Task directions: Given the material below, return only the lines starting at the line with "Ductwork Estimating for" and ending at the line with "市場分割理論的內容是什么 市場分割理論的內容是什么", exactly as they appear.
....
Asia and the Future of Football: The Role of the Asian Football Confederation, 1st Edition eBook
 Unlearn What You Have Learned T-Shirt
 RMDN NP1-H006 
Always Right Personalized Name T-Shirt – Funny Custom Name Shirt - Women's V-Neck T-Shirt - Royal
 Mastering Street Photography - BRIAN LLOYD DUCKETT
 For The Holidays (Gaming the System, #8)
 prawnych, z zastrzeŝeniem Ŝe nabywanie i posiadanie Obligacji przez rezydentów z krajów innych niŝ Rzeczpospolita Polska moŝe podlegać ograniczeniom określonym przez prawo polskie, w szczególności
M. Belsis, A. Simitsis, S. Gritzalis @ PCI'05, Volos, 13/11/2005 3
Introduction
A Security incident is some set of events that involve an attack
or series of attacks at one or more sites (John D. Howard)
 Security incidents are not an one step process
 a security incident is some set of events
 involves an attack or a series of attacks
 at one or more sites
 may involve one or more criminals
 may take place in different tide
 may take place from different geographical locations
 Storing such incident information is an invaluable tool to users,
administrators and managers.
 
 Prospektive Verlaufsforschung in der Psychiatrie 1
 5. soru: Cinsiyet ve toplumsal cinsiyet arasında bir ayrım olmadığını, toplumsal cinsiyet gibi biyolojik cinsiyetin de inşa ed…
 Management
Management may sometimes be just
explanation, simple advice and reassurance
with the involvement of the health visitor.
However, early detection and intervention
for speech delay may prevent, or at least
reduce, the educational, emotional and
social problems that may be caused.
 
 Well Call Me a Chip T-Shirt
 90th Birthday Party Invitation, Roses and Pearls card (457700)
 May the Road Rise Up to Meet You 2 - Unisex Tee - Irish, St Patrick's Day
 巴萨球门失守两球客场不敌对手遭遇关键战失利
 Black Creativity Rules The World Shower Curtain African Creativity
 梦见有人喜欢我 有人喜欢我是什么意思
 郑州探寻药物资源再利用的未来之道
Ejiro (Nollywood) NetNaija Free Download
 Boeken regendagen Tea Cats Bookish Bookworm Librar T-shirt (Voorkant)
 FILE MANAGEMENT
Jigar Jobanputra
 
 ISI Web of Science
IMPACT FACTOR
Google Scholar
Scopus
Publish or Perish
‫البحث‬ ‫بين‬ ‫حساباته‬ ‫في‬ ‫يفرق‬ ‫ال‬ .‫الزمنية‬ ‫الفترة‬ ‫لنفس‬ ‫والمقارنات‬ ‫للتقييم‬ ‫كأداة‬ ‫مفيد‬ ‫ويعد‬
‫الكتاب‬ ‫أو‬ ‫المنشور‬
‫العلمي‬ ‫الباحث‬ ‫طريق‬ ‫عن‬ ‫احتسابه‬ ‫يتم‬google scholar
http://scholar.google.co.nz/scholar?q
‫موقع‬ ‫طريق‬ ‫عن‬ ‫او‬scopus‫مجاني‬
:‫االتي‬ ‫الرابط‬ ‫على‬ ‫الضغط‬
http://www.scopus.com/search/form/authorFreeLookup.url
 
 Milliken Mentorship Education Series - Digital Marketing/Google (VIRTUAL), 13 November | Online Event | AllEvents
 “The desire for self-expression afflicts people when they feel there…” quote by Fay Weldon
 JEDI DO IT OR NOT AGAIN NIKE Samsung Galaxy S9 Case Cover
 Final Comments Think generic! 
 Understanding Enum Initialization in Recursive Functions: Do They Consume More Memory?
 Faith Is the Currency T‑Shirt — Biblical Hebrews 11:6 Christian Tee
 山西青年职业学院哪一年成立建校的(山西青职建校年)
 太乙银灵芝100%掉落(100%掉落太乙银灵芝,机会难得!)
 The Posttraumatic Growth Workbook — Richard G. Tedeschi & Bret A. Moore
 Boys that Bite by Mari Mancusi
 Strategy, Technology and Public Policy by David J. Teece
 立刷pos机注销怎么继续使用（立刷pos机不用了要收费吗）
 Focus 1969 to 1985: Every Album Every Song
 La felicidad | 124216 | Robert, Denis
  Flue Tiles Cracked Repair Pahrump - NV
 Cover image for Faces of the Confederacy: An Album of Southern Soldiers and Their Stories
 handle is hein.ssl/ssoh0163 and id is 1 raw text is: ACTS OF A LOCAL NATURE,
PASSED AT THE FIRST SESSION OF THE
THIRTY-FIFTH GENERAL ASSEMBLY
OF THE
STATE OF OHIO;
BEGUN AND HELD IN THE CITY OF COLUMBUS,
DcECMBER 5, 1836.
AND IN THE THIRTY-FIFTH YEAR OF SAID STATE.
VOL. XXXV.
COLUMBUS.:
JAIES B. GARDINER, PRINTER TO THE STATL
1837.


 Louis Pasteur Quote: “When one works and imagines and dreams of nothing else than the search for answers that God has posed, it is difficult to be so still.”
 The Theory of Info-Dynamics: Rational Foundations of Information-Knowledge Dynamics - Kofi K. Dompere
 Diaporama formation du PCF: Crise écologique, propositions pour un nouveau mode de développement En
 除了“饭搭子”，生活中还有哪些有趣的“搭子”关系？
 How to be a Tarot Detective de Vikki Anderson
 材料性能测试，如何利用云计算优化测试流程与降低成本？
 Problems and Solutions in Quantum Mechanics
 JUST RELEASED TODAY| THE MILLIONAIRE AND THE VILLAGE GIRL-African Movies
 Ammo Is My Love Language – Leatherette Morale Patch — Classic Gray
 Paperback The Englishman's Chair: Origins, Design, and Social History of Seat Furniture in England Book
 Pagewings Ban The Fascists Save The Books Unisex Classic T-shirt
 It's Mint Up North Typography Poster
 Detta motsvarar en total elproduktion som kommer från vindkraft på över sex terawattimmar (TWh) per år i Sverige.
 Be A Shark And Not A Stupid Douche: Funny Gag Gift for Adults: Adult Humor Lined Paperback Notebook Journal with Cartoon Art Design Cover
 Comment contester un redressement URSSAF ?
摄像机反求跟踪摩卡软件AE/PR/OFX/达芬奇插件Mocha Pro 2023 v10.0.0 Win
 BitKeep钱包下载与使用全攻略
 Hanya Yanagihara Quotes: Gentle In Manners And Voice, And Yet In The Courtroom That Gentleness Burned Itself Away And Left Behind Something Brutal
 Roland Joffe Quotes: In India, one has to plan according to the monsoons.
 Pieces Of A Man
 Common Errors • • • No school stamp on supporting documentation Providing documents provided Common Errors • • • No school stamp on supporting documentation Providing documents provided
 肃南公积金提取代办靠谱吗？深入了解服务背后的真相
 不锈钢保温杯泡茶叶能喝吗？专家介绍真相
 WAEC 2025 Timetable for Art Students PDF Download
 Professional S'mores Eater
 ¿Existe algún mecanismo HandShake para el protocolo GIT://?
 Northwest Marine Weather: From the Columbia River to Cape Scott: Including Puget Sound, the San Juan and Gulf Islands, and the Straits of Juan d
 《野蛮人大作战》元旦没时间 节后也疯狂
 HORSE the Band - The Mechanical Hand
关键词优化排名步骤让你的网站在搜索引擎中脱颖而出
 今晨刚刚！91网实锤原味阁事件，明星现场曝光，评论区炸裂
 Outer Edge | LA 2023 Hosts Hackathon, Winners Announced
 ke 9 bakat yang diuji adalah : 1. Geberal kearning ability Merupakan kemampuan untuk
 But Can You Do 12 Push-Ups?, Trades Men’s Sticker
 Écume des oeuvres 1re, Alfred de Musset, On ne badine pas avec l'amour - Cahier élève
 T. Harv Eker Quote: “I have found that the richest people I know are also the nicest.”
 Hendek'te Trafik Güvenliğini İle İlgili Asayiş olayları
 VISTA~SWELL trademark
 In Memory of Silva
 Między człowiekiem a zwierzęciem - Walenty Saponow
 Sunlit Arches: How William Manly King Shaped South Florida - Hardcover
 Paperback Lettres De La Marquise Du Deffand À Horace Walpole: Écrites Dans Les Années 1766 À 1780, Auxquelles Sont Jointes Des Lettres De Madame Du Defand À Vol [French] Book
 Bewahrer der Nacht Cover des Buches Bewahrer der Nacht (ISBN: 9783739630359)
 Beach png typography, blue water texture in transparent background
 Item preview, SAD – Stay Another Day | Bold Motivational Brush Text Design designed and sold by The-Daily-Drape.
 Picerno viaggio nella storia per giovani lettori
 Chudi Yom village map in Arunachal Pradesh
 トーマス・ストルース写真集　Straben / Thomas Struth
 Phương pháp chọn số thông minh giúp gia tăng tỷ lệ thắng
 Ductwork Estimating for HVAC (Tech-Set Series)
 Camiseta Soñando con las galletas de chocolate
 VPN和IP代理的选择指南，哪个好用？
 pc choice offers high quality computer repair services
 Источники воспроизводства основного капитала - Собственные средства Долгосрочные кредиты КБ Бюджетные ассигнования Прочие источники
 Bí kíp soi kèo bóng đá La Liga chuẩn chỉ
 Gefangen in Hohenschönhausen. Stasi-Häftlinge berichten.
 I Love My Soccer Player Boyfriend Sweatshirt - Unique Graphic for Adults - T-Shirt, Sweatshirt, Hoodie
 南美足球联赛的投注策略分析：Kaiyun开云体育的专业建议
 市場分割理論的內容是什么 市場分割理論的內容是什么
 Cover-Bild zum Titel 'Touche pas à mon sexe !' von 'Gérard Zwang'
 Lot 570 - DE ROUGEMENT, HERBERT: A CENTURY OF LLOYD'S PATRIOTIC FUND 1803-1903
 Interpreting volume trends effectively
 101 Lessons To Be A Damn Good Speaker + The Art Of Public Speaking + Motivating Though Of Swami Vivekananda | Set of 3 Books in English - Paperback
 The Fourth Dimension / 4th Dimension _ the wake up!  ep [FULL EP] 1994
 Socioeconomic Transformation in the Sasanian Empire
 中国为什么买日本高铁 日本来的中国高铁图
....
Reply to the task:
 Ductwork Estimating for HVAC (Tech-Set Series)
 Camiseta Soñando con las galletas de chocolate
 VPN和IP代理的选择指南，哪个好用？
 pc choice offers high quality computer repair services
 Источники воспроизводства основного капитала - Собственные средства Долгосрочные кредиты КБ Бюджетные ассигнования Прочие источники
 Bí kíp soi kèo bóng đá La Liga chuẩn chỉ
 Gefangen in Hohenschönhausen. Stasi-Häftlinge berichten.
 I Love My Soccer Player Boyfriend Sweatshirt - Unique Graphic for Adults - T-Shirt, Sweatshirt, Hoodie
 南美足球联赛的投注策略分析：Kaiyun开云体育的专业建议
 市場分割理論的內容是什么 市場分割理論的內容是什么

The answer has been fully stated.